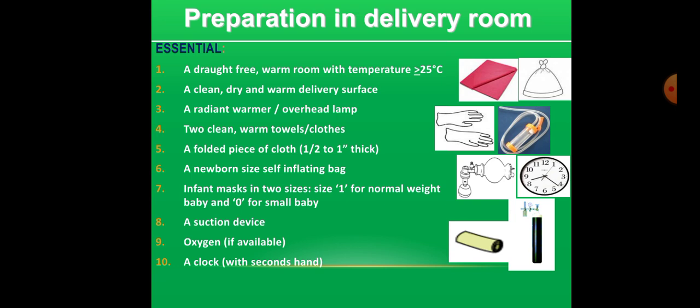Preparation in the delivery room should include having warmth, a place to do the resuscitation, and equipment and supplies. These are summarized here: a draft-free warm room with temperature greater than or equal to 25 degrees centigrade, and a clean, dry, and warm delivery surface. Use a radiant warmer or overhead lamp with a 200-watt bulb if available, and two clean, warm towels or clothes.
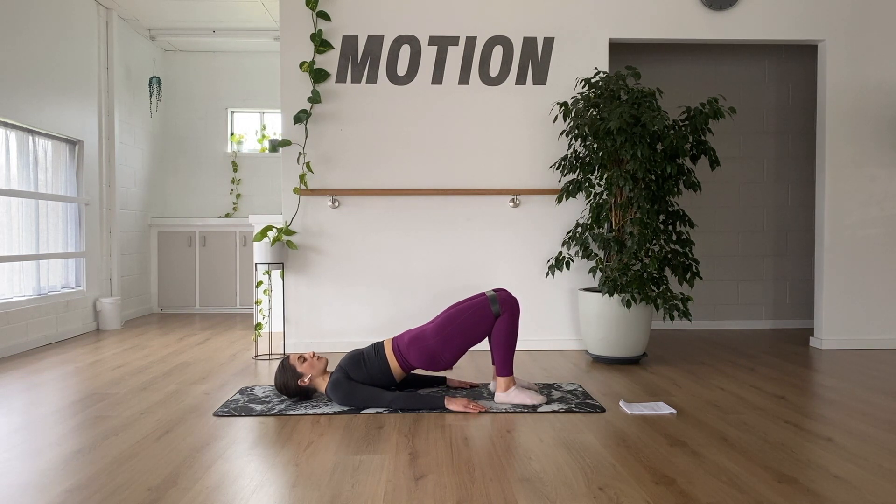Once you're in this position, think about tilting through the tailbone — pull the tailbone toward the backs of your knees, pulling the ribcage down towards your hips. Then push the knees out towards the side and control it as you draw them all the way back in. Reaching away and then coming back in.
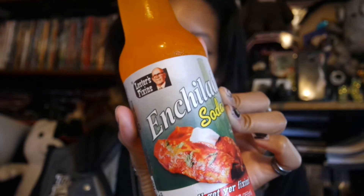Hey guys, so as you can tell by the title, we're trying the enchilada soda. I'm not really looking forward to this, I'm going to be honest. Like, I just know I'm not going to like it.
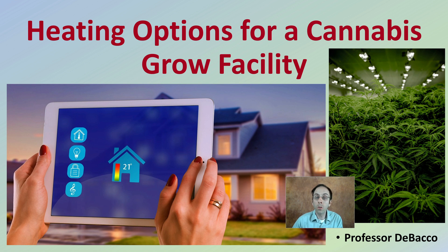Here on this DeBacco University video, I'm going to discuss heating options for a cannabis grow facility. Because many times lights do produce heat, but in particularly northern climates, we need to be aware of ways to heat that facility so that we're maintaining a normal plant growing and supportive environment for our cannabis plants.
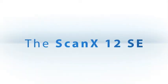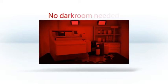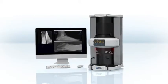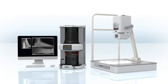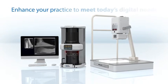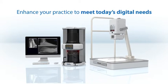The ScanX 12 SE can work within your facility in two ways. Enhance your existing X-ray source by replacing any chemical analog film processor and thereby eliminating the need for a darkroom. It can also be paired with a new X-ray source giving you digital images. Either of these flexible options will enhance your practice to meet today's digital needs at a more economic cost and efficiency than any other digital solution in the industry.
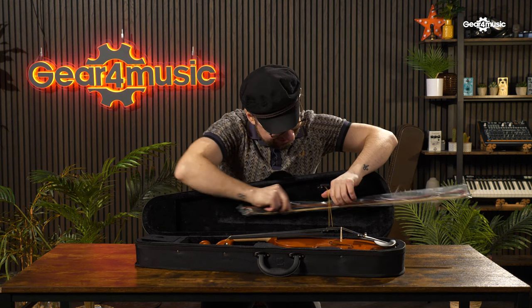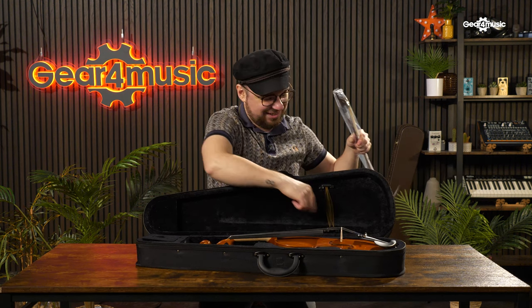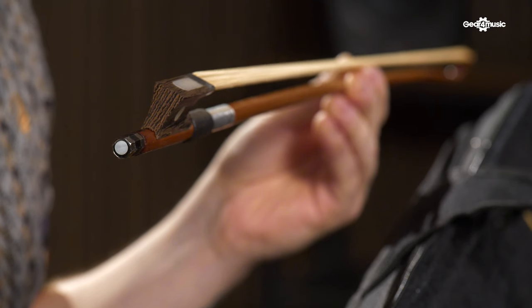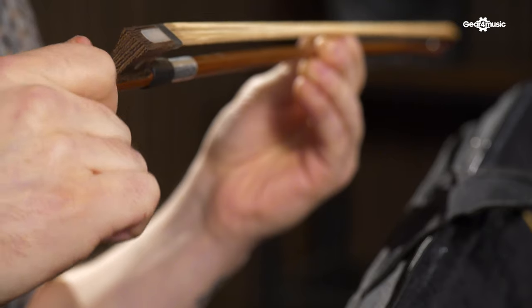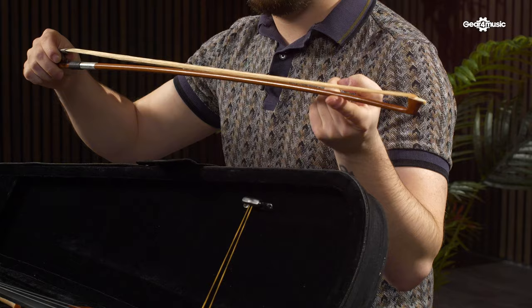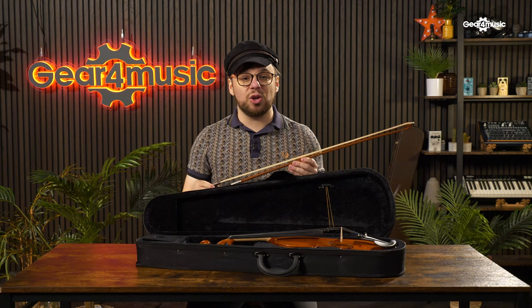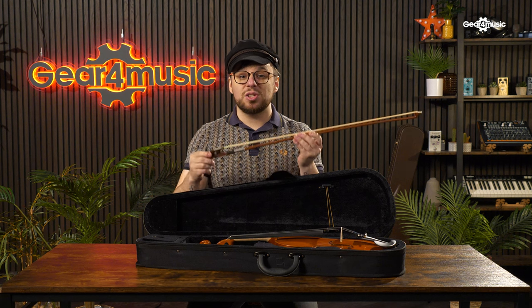Step 3: the bow. All Gear4Music violins are provided with a bow, which has been loosened for transit to protect it from damage. They also come with some rosin, which we'll explain later. At one end of the bow you'll find a hexagonal metal nut. Turning the nut tightens or loosens the bow hairs. The first step is to tighten the bow by turning the nut clockwise. You'll notice that the loose bow has a large curve to the wood. You want to tighten the nut until the wood is close to being straight, but still with a gentle curve. The bow should be loosened whenever stored or out of use by turning the nut anti-clockwise.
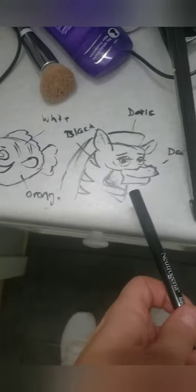Hello everyone and welcome to another tutorial. Today we are going to do the cute filter you have seen on TikTok of the zebra and the fish.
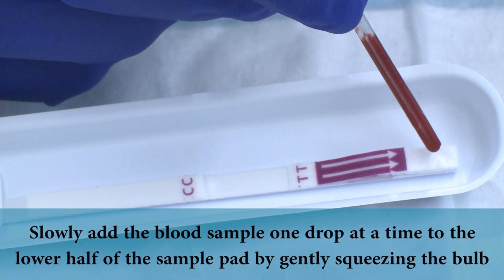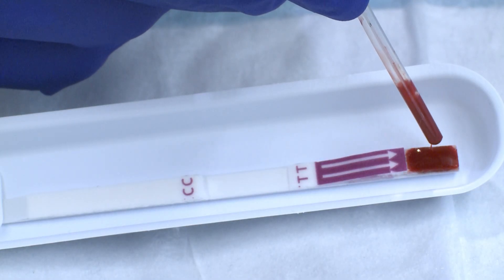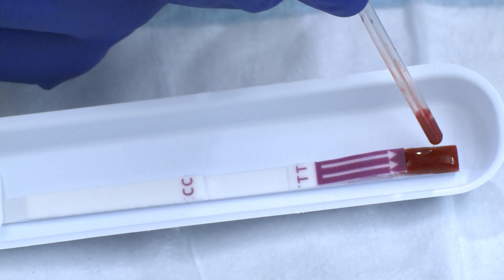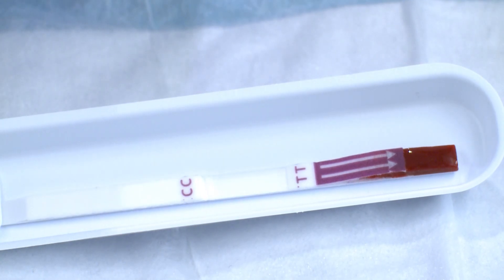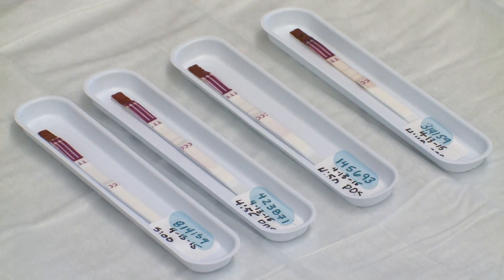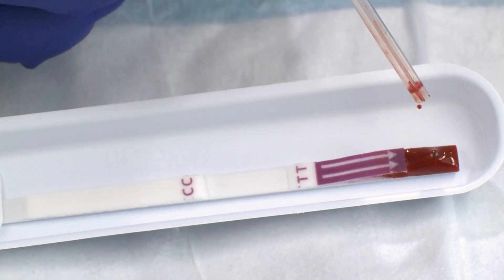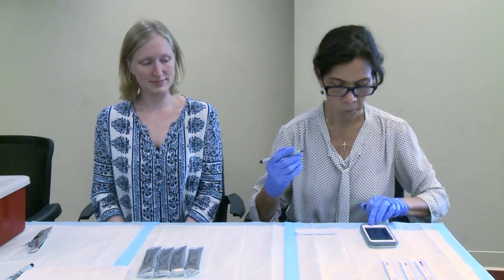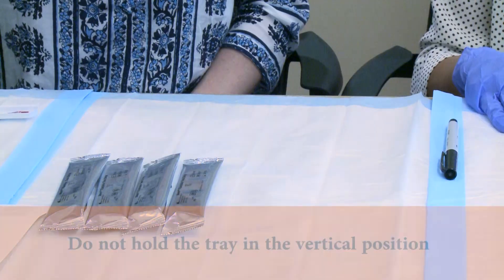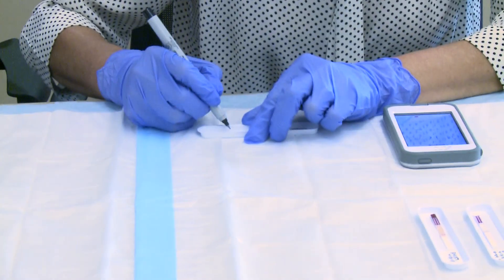Slowly add the blood sample to the lower half of the sample pad by gently squeezing the bulb. It is recommended to add the blood one drop at a time and allow the blood to saturate the sample pad before adding the next drop. The used micropipette should be placed in an appropriate waste container. Care should be taken to apply the blood to the labeled test strip corresponding to the person being tested. Do not add blood directly from the finger to the test strip. After the blood is applied to the sample pad, the plastic work tray holding the strip should be carefully passed to the team member responsible for timing and reading the test results. The tray should not be held in the vertical position. Do not disturb or move the test strip too much after the sample has been added.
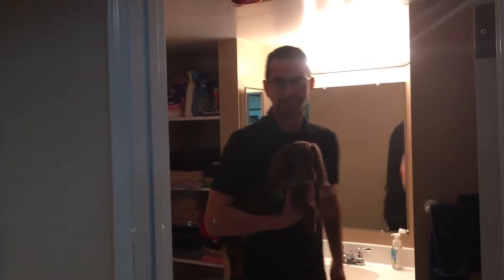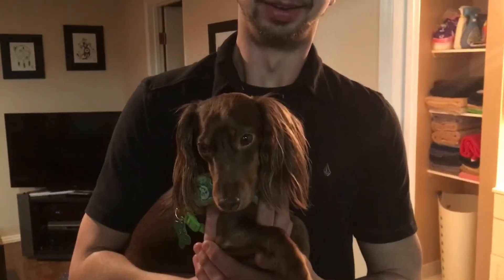Oh hey there, you know I've been thinking about it and one thing I really would like to get you for Christmas is the ability to whistle. Unfortunately I'm not the greatest at it, so luckily we've got a few people — you might know them, you might not — who can probably give you a hand. Merry Christmas Jen, and a happy new year!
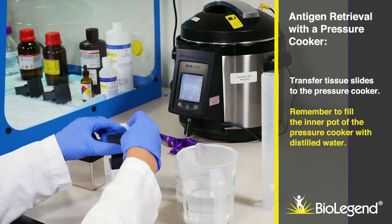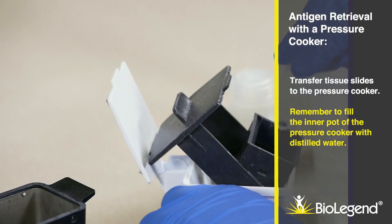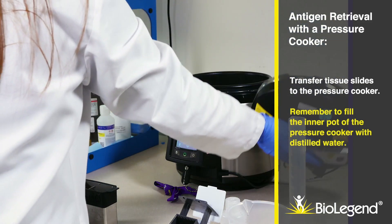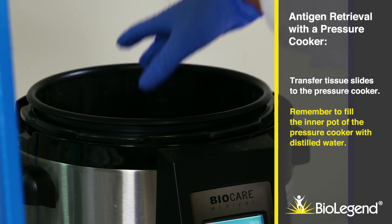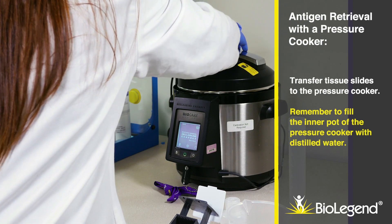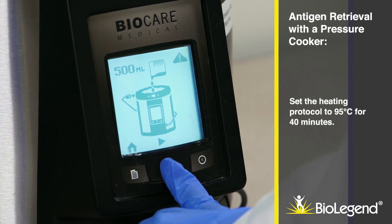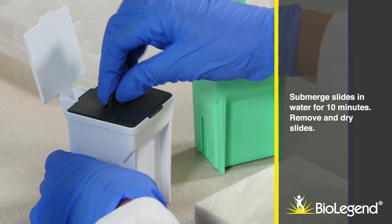Transfer tissue slides to the pressure cooker. Remember to fill the inner pot of the pressure cooker with distilled water. Set the heating protocol to 95 degrees Celsius for 40 minutes. Submerge slides in water for 10 minutes.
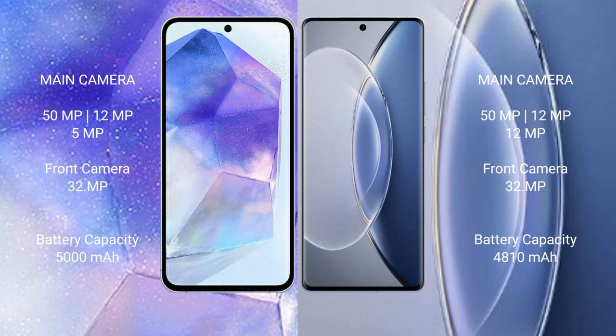Samsung Galaxy A55 has a 5000mAh battery with 25W fast charging support. Vivo X90 has a 4810mAh battery with 120W fast charging support.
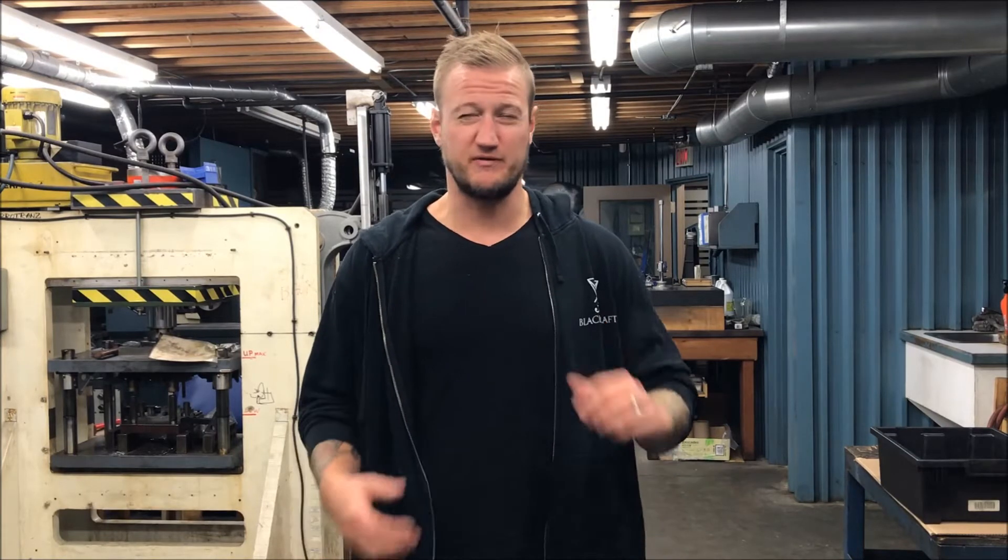What's up YouTube? Ian Sinuski back here again for Let's Machine. Today we're going to go through some beginner stuff on types of fixturing, types of work holding, and some of the best times to use them. We're going to go through a couple of different ways on how to hold things, how to fix your things, and when it's time to make a fixture versus using soft jaws versus time to make some hard jaws, etc.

» WHAT THE TASK REQUIRES
Leave the pictures out and write out every entry exactly as given.

» PROBLEM SOLUTION
Preparation in the delivery room should include having warmth, a place to do the resuscitation, and equipment and supplies. These are summarized here: a draft-free warm room with temperature greater than or equal to 25 degrees centigrade, and a clean, dry, and warm delivery surface. Use a radiant warmer or overhead lamp with a 200-watt bulb if available, and two clean, warm towels or clothes.
Once you're in this position, think about tilting through the tailbone — pull the tailbone toward the backs of your knees, pulling the ribcage down towards your hips. Then push the knees out towards the side and control it as you draw them all the way back in. Reaching away and then coming back in.
Hey guys, so as you can tell by the title, we're trying the enchilada soda. I'm not really looking forward to this, I'm going to be honest. Like, I just know I'm not going to like it.
Here on this DeBacco University video, I'm going to discuss heating options for a cannabis grow facility. Because many times lights do produce heat, but in particularly northern climates, we need to be aware of ways to heat that facility so that we're maintaining a normal plant growing and supportive environment for our cannabis plants.
The ScanX 12 SE can work within your facility in two ways. Enhance your existing X-ray source by replacing any chemical analog film processor and thereby eliminating the need for a darkroom. It can also be paired with a new X-ray source giving you digital images. Either of these flexible options will enhance your practice to meet today's digital needs at a more economic cost and efficiency than any other digital solution in the industry.
Step 3: the bow. All Gear4Music violins are provided with a bow, which has been loosened for transit to protect it from damage. They also come with some rosin, which we'll explain later. At one end of the bow you'll find a hexagonal metal nut. Turning the nut tightens or loosens the bow hairs. The first step is to tighten the bow by turning the nut clockwise. You'll notice that the loose bow has a large curve to the wood. You want to tighten the nut until the wood is close to being straight, but still with a gentle curve. The bow should be loosened whenever stored or out of use by turning the nut anti-clockwise.
Hello everyone and welcome to another tutorial. Today we are going to do the cute filter you have seen on TikTok of the zebra and the fish.
Slowly add the blood sample to the lower half of the sample pad by gently squeezing the bulb. It is recommended to add the blood one drop at a time and allow the blood to saturate the sample pad before adding the next drop. The used micropipette should be placed in an appropriate waste container. Care should be taken to apply the blood to the labeled test strip corresponding to the person being tested. Do not add blood directly from the finger to the test strip. After the blood is applied to the sample pad, the plastic work tray holding the strip should be carefully passed to the team member responsible for timing and reading the test results. The tray should not be held in the vertical position. Do not disturb or move the test strip too much after the sample has been added.
Oh hey there, you know I've been thinking about it and one thing I really would like to get you for Christmas is the ability to whistle. Unfortunately I'm not the greatest at it, so luckily we've got a few people — you might know them, you might not — who can probably give you a hand. Merry Christmas Jen, and a happy new year!
Transfer tissue slides to the pressure cooker. Remember to fill the inner pot of the pressure cooker with distilled water. Set the heating protocol to 95 degrees Celsius for 40 minutes. Submerge slides in water for 10 minutes.
Samsung Galaxy A55 has a 5000mAh battery with 25W fast charging support. Vivo X90 has a 4810mAh battery with 120W fast charging support.
What's up YouTube? Ian Sinuski back here again for Let's Machine. Today we're going to go through some beginner stuff on types of fixturing, types of work holding, and some of the best times to use them. We're going to go through a couple of different ways on how to hold things, how to fix your things, and when it's time to make a fixture versus using soft jaws versus time to make some hard jaws, etc.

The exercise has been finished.